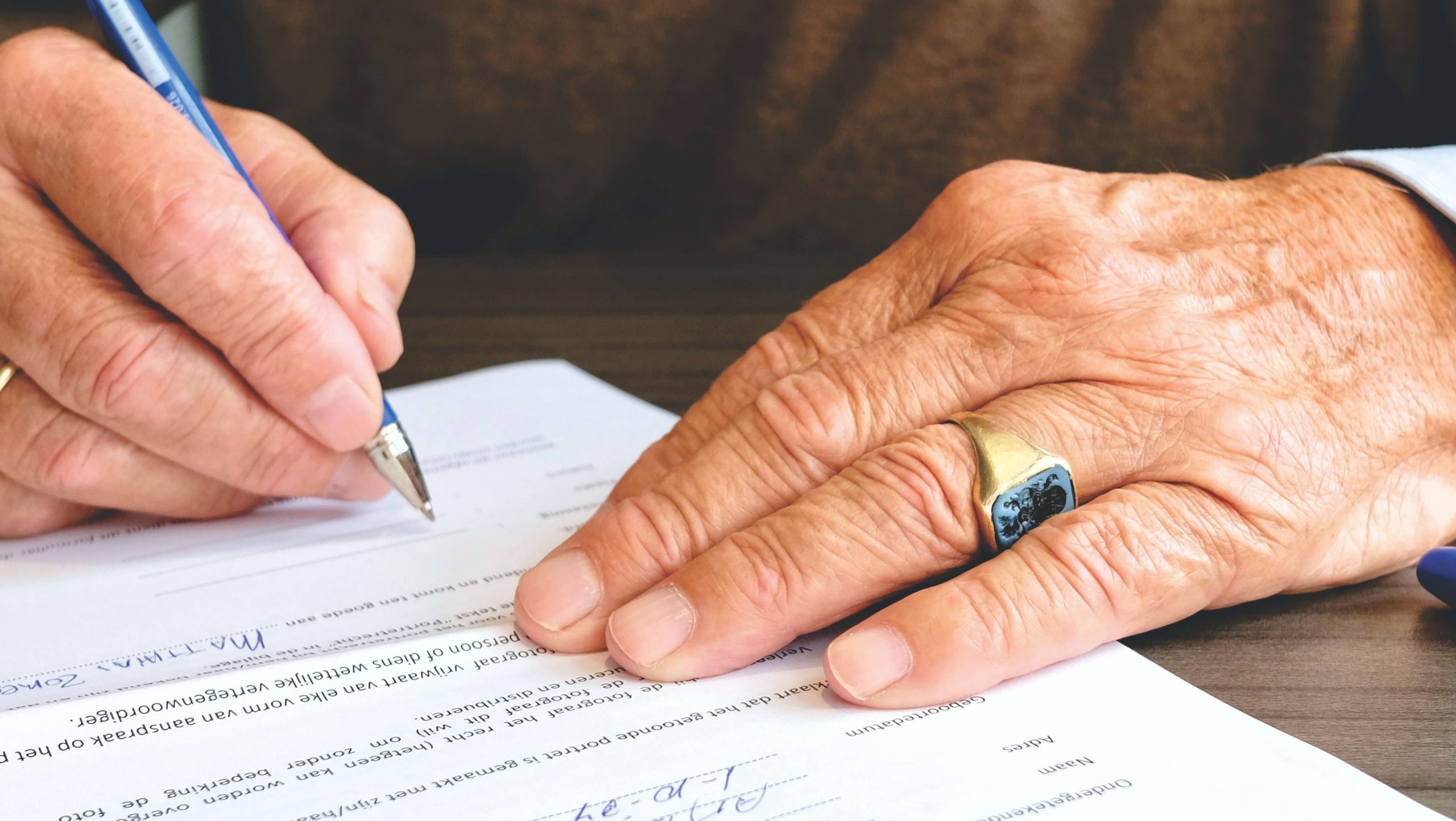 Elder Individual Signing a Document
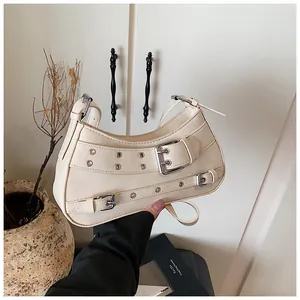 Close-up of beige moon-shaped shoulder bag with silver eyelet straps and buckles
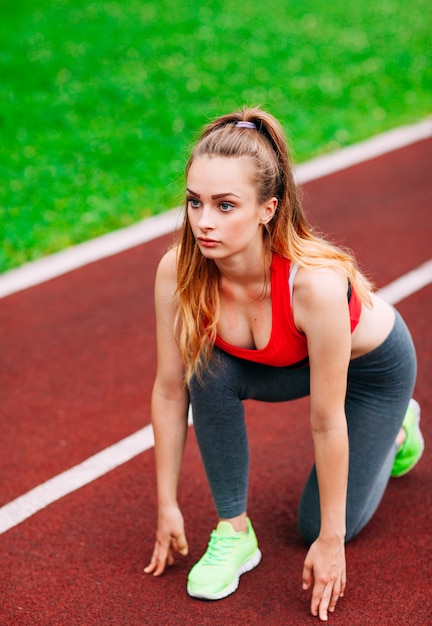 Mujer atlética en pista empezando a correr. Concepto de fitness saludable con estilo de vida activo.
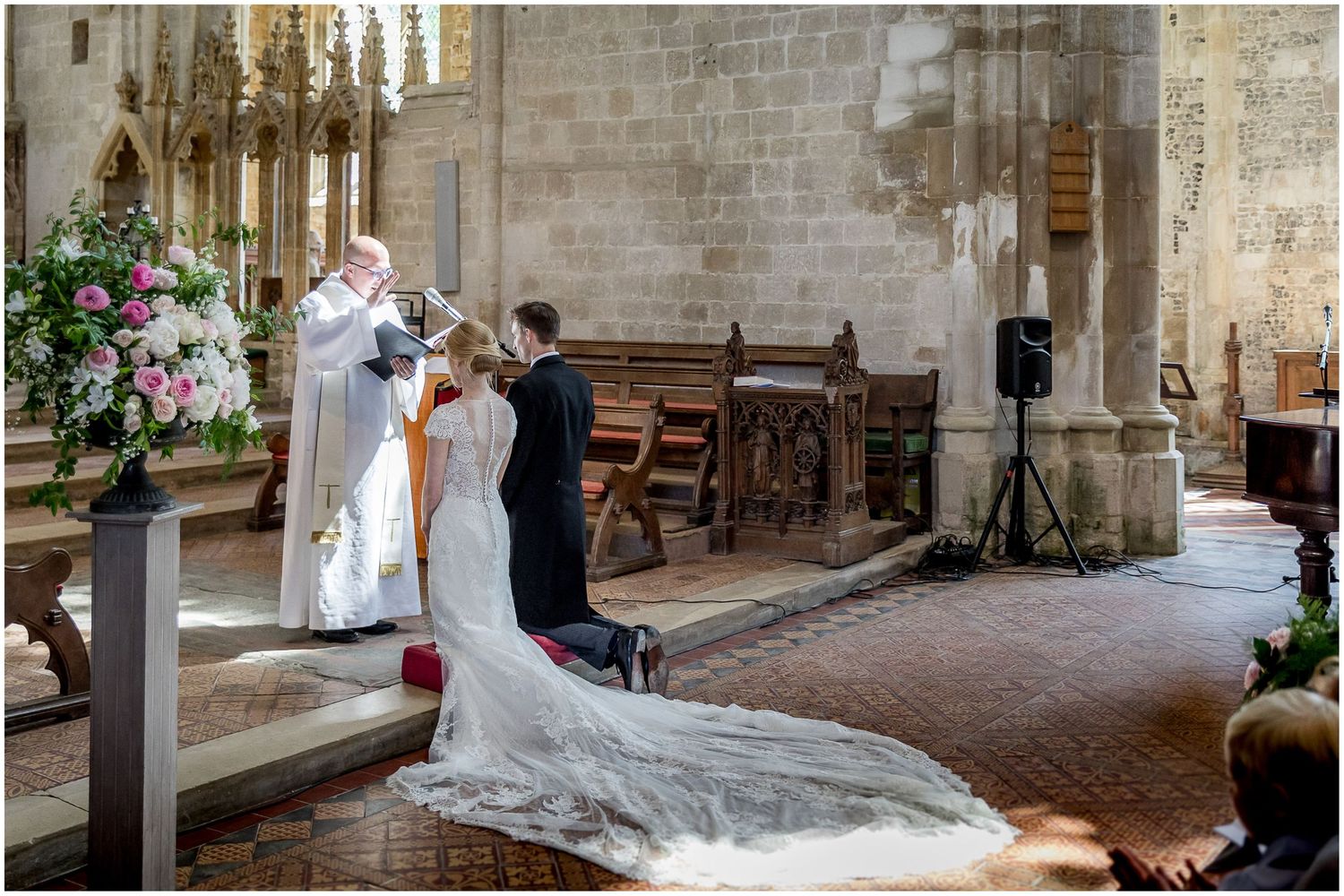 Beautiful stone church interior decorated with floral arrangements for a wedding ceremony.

────────

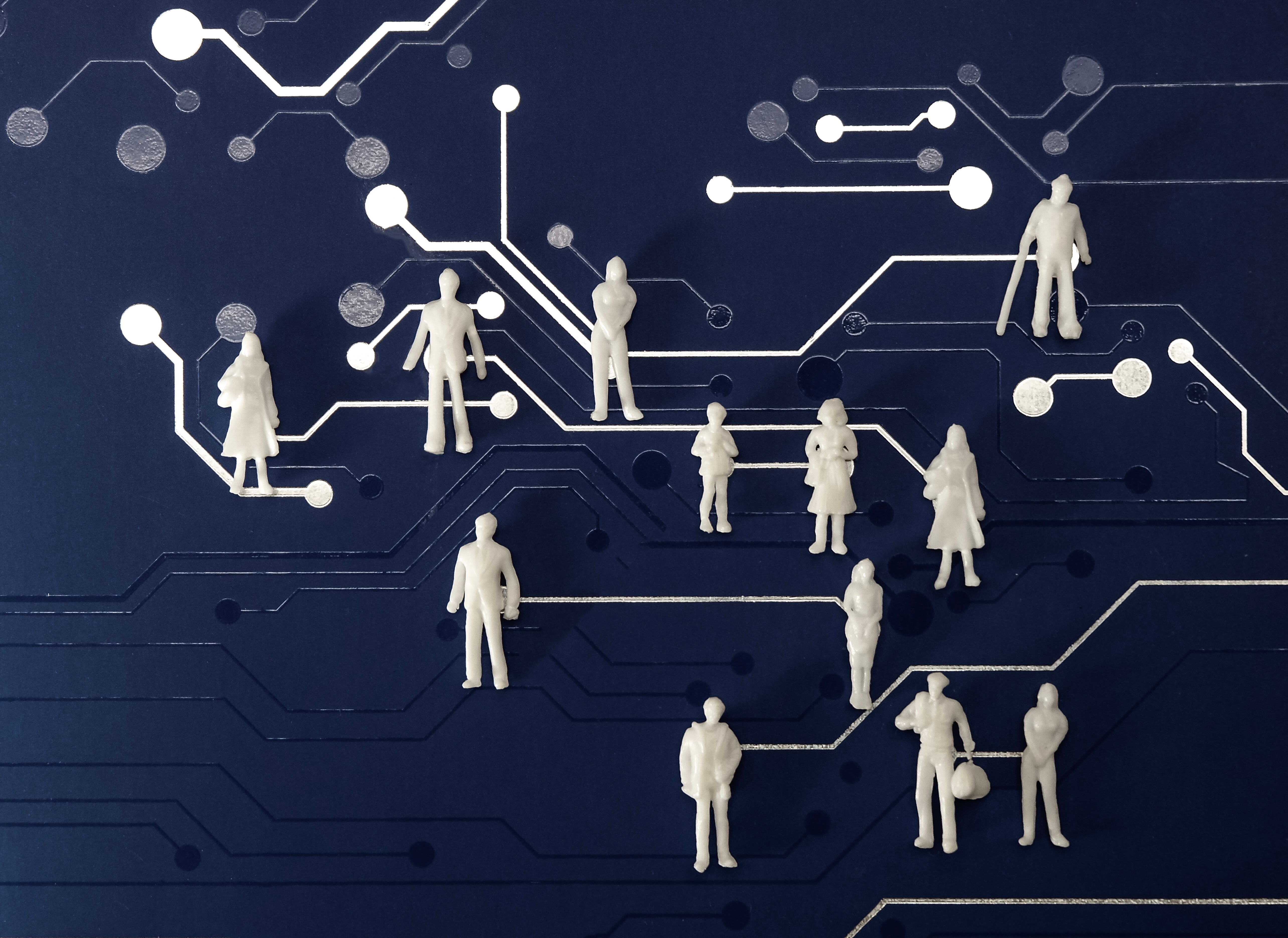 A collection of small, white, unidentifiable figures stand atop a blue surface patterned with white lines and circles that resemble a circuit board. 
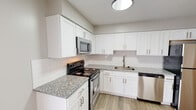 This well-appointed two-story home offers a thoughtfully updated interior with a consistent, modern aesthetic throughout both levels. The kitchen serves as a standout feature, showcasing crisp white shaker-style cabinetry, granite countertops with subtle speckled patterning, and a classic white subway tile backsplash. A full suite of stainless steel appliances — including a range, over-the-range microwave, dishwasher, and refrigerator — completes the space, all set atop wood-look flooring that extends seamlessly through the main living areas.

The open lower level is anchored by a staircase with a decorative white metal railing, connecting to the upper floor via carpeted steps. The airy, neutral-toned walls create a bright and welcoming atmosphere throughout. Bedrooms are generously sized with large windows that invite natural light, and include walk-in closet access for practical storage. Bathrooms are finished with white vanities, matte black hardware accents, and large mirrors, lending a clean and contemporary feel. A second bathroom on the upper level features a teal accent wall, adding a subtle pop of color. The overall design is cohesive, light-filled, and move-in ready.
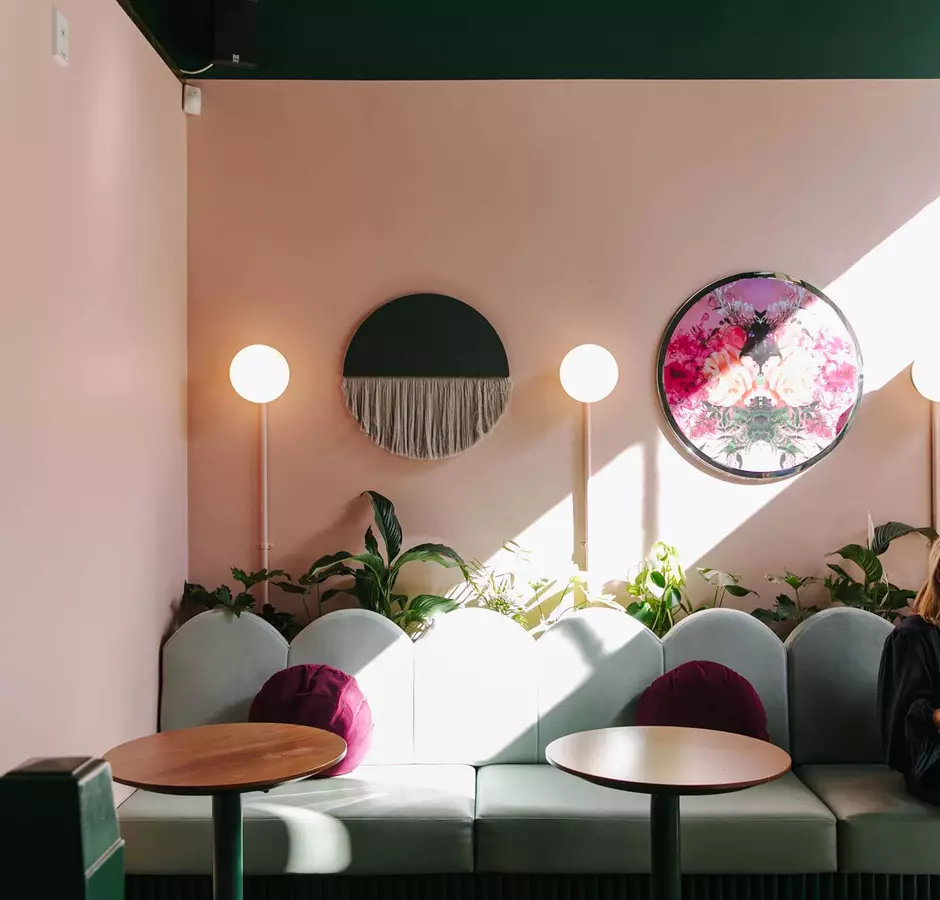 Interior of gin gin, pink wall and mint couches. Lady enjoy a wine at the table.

────────

## WORK ORDER
Within the material above, find the part that opens with the line containing "Elder Individual Signing a Document" and closes with the line containing "Beautiful stone church", and reproduce it exactly without the pictures.

## SOLUTION FOR THIS PROBLEM
 Elder Individual Signing a Document
 Close-up of beige moon-shaped shoulder bag with silver eyelet straps and buckles
 Mujer atlética en pista empezando a correr. Concepto de fitness saludable con estilo de vida activo.
 Beautiful stone church interior decorated with floral arrangements for a wedding ceremony.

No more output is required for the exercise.